In 1963 this was rearranged to
- Brownies (ages seven through nine)
- Juniors (ages nine through eleven)
- Cadettes (ages eleven through fourteen)
- Seniors (ages fourteen through seventeen)

In the 1970s the age divisions were
- Pixies (ages five through six) Pixies was a pilot program, available only in limited areas.
- Brownies (ages seven through nine)
- Juniors (ages nine through eleven)
- Cadettes (ages eleven through fourteen)
- Seniors (ages fourteen through seventeen)

In 1984, the Daisy program for kindergartners (age five) was introduced, and around 2003 the Studio 2B program for girls eleven through seventeen was introduced as a way to give older girls more options in Girl Scouts, although many girls still called themselves Cadettes and Seniors. STUDIO 2B was discontinued as a program option in 2007.
- Daisies (5-6 years old or in kindergarten)
- Brownies (6–8 years old or in grades 1–3)
- Juniors (8–12 years old or in grades 4–6. In some situations, girls age eight and in third grade may be Juniors.)
- Cadettes (12–14 years old or in grades 7–9. In some situations, girls age eleven and in sixth grade may be Cadettes.)
- Seniors (14–17 years old or in grades 9–12)

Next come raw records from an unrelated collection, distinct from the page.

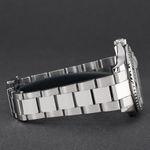 Rolex Yacht-Master 40 16622 - (6/8)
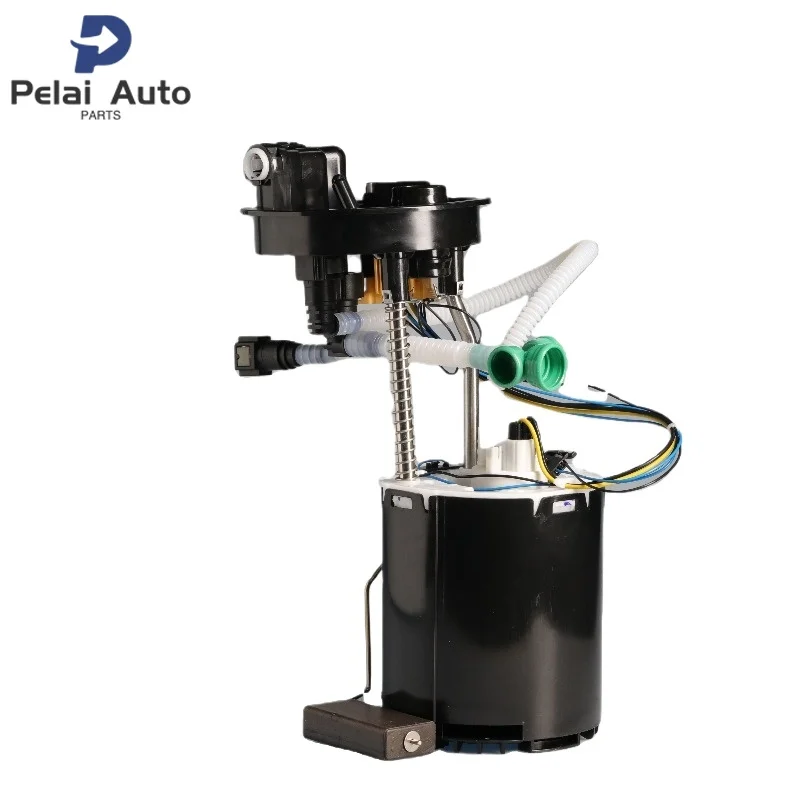 

31372882 Fuel Pump Auto Spare Parts Fuel Engine Assembly For Volvo 2007-2015 XC60 S80 XC70 V70 3.0T T6 AWD 3.2 AWD T5 AWD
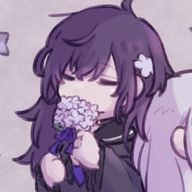 紅松 碧葉さんのアイコン画像
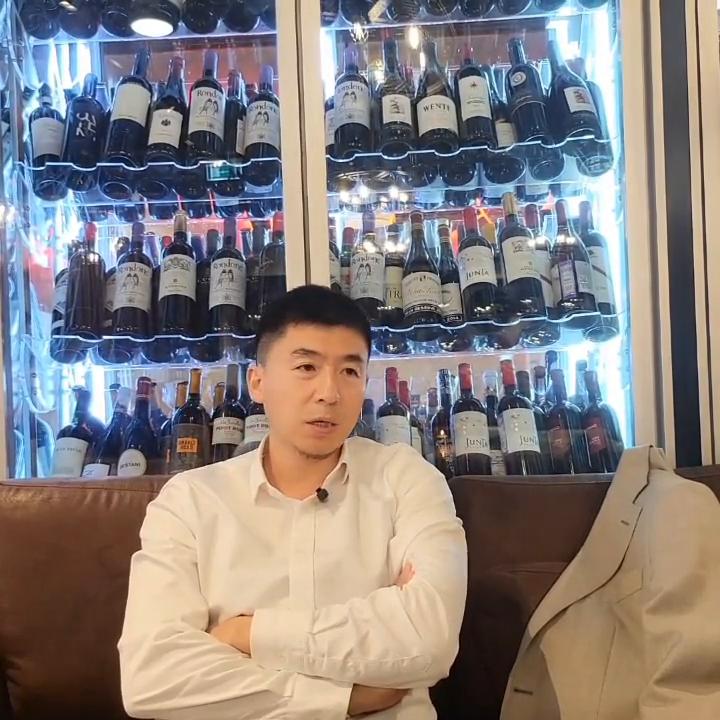 俄罗斯律师直播间,俄罗斯律师事务所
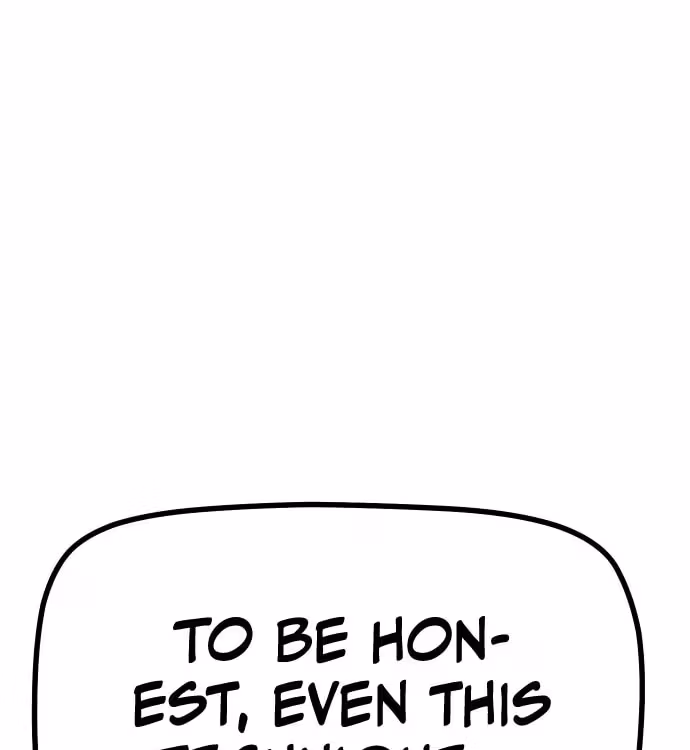 Page 251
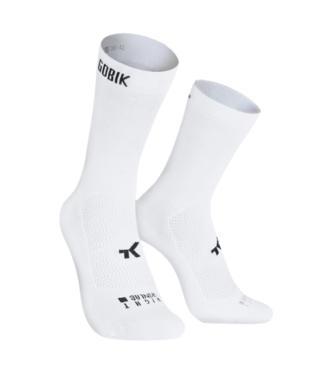 GOBIK Icon Socks Unisex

In 2008 another reorganization took place. All levels were changed to have Girl Scouts at the start of their name, e.g. "Girl Scout Brownies" instead of "Brownie Girl Scouts", and levels were changed to be by grade only instead of by age or grade. Daisies were expanded to first grade, Brownies were moved up to second grade and Ambassadors were added.
- Daisies (grades K–1)
- Brownies (grades 2–3)
- Juniors (grades 4–5)
- Cadettes (grades 6–8)
- Seniors (grades 9–10)
- Ambassadors (grades 11–12)

Outside the age level programs, there have been somewhat separate programs for Mariner Scouts (1934–present) and Wing Scouts (1941–1970s).

In addition, there are Girl Scouts known as Juliettes, who are independent of any troop due to lack of a troop to join or because other commitments do not allow them to actively participate with available troops. In 2001, Stefanie Argus, an eighth-grade student, created Juliettes, an official designation for independent Girl Scouts, as her Silver Award Project. "I wanted to create something to tell other girls who left their troops they belong to the Girl Scouts," Argus said.
A Juliette is still placed in her appropriate grade level and works on program as would any other girl her age in a regular troop.